Porém, em Nietzsche há uma questão metodológica importante, presente nos aforismos 22 e 36 de Além do bem e do mal, que se coloca em relação à vontade de potência. O filósofo coloca a questão em termos de uma “moral do método”, o que significa, nesse caso, uma tentativa de sustentar a noção de vontade de potência em todos os planos da efetividade, sempre partindo dela e a ela retornando. Trata-se, nesse sentido, de uma interpretação global da existência que visa preparar as condições espirituais para o advento dos espíritos livres. Tal concepção parte do conceito de Trieb,3 que, polissêmico, pode se referir tanto à atividade de um ponto de vista fisiopsicológico, cujo modelo é o arco-reflexo, quanto ao brotar das sementes e ação das chamadas forças naturais.
No que diz respeito à interpretação da vida orgânica como vontade de potência, Nietzsche pensa a partir de Schopenhauer e contra Schopenhauer - na verdade, poderíamos dizer, também a partir de Darwin e contra Darwin.

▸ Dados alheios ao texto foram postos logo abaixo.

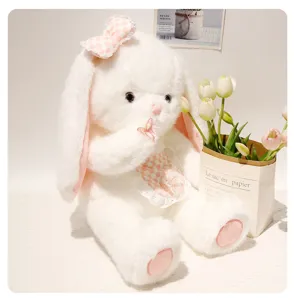 Cute white rabbit plush toy doll with pink bow and bib, soft stuffed animal gift for girls.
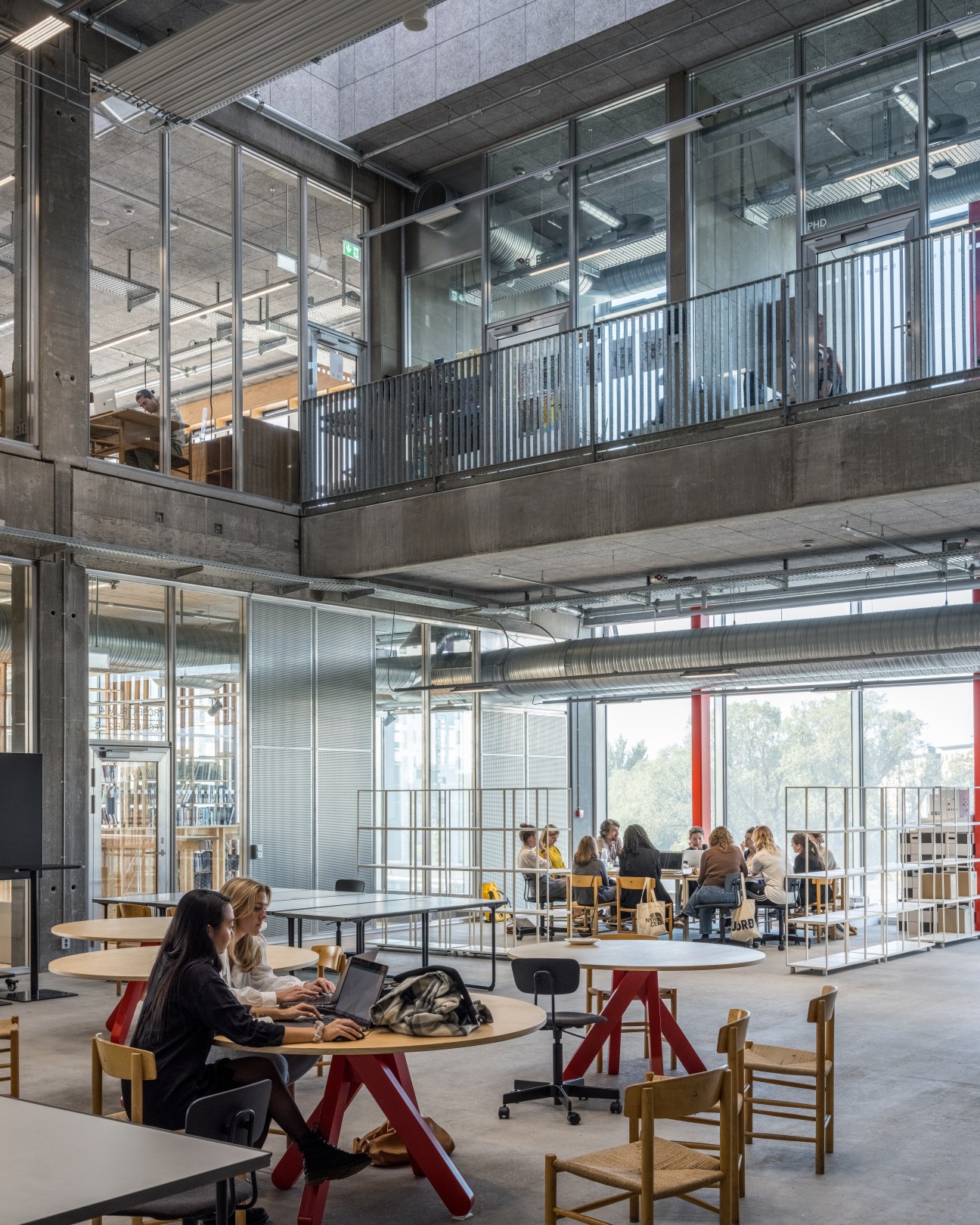 Modern open-plan workspace with mezzanine level, people working at tables with red legs, glass partitions, and industrial ceiling with skylights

Isto porque a noção de vontade de potência substitui a noção schopenhaueriana da “vontade de viver” (Wille zum Leben) e também a noção darwiniana de “luta pela existência” como luta pela mera sobrevivência, preservação, autoconservação. Sobre isto, em “Crepúsculo dos Ídolos”, o autor declara:
No que toca à famosa “luta pela vida”, parece-me, por agora, mais afirmada do que provada. Ela ocorre, mas como exceção; o aspecto global da vida não é o estado de necessidade, a situação de fome, mas antes a riqueza, a abundância, e até a dilapidação absurda - onde se luta, luta-se por potência. (GD/CI, “Incursões de um extemporâneo”, 14, KSA 6.120)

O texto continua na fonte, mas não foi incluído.